I am using Statsmodel instead of STATA where possible, and wanted to cluster standard errors by firm. The problem I encountered was I use Patsy to create the endog/exog matrices, and statsmodel requires the cluster group Series to match length. (Aside: There's an open Github issue about this.) I'm sure there are more clever solutions, but mine was to give Patsy a dataframe with no missing data.

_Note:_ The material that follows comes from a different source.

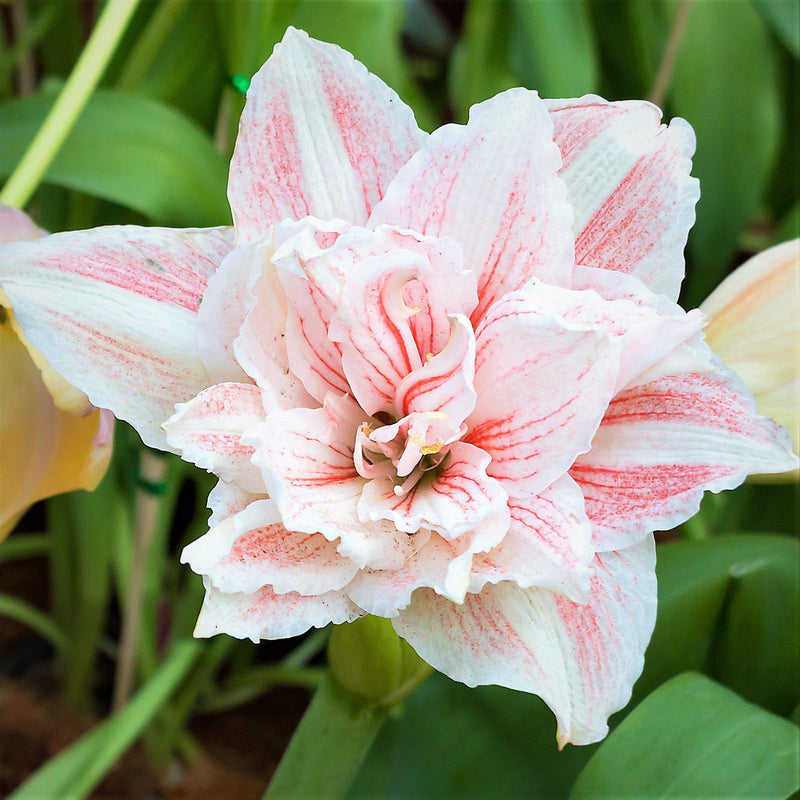 Amaryllis Nymph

The statsmodels documentation was a bit unclear, so I figured I'd share the working snippet below.
# Selection criteria
select_df = (df[(df['at']>1) & (df['ff12']!=8)]
.sort_values('cik y_q'.split()))
# Columns that appear in regressions, as well as group variable
cols = 'cik cp ni_at re_at xrd_at at y_q ff12'.split()
# Final dataframe with no missing data.
# This gets the patsy arrays and group series to have the same length.
reg_df = select_df.ix[select_df[cols].notnull().all(axis=1), cols]
mod = sm.OLS.from_formula('cp ~ ni_at + re_at + xrd_at + np.log(at)'
'+ C(y_q) + C(ff12)', reg_df)
res = mod.fit(cov_type='cluster', cov_kwds={'groups': reg_df['cik']})
# output results without F.E. dummies
print("\n".join([x for x in str(res.summary()).split('\n')
if 'C(' not in x]))